Hexagon Purus Maritime sponsors young students sailing hydrogen-powered boat from the Netherlands to London
Twenty-three ambitious students have a clear goal in mind: within just one year, they aim to design a hydrogen-powered boat that will sail across the North Sea from the Netherlands to the United Kingdom. These students are part of the Hydro Motion Team at TU Delft University, sponsored by Hexagon Purus, a leading supplier of zero-emission mobility solutions and hydrogen infrastructure. This self-built boat is intended to be more than just a vessel, but also an opportunity showcase the potential of sustainable maritime transport.
From the Netherlands to London
To help unlock this potential, students at TU Delft have been researching and developing solar-powered and hydrogen-based boats for 18 years. The students participating in this project by the university and will set out to cross the North Sea with their self-built hydrogen-powered boat.
On December 21, the team invited Hexagon Purus Maritime to the grand design presentation in Delft. "We were really excited to present our boat design,“ says Charlise, one of the eight students, who will pilot the boat in July. “We have worked on it a lot in the past months and it has welded us into a real team. We are now divided into five different departments, each with specific responsibilities,” she continues.
"We will first sail along the Netherlands coast, then across the North Sea to finish in London. With a speed of 22 knots, the destination should be reached in approximately 16 hours, depending on the weather and waves, says Charlise. "We have a vision of passing under Tower Bridge with our friends and family standing on it," she continues.
The team will rely on three Type-4 hydrogen cylinders from Hexagon Purus Maritime. These high-pressure cylinders store compressed hydrogen, enabling large-scale storage and transportation of the fuel. The cylinders are already being used across the global transport sector, including in trucks, buses, trains, and now boats.
Progress towards sustainability in the maritime sector has been slow. In 2018, the industry was responsible for around 3% of global emissions caused by human activities. Projections show that these emissions could increase by up to 130% of 2008 emissions by 2050. Emissions from the sector are also hard to abate, especially when it comes to larger vessels.
Hexagon Purus’s cylinders offer a solution to decarbonizing the maritime sector; they enable hydrogen to be stored and consumed across multiple applications across the maritime value chain, providing a viable, low-emissions alternative to fossil fuels.
Robert Haugen, Managing Director of Hexagon Purus Maritime, explains Hexagon Purus’s collaboration with the Hydro Motion Team: "It's great to see how much ambition, innovation, and teamwork the students put into this project year after year. Naturally, we support them wherever we can. It is an honor for Hexagon Purus Maritime not only to sponsor these students with the cylinders but also to provide them with know-how. We are very pleased that we had the opportunity to be part of the design presentation. Many students who were here today were, for example, part of the team last year and are gaining their first professional experiences - often in the field of hydrogen."

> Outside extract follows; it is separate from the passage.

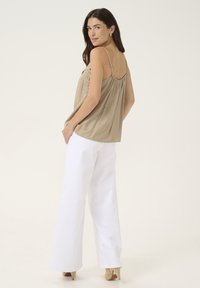 Camisole beige ample avec détails en dentelle, associée à un pantalon large blanc. Le mannequin pose légèrement de côté, mettant en valeur sa tenue.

TU Delft – where dreams come true
For many years, TU Delft University has been a dream destination for bright, ambitious young engineers. The Hydro Motion Team has achieved great success in building 15 boats so far. It started with solar-powered boats, and now the focus is increasingly shifting towards hydrogen. The reputation of the university students’ work is significant: Their boats are inspiring models for the maritime industry to accelerate the transition to zero-emission fuels.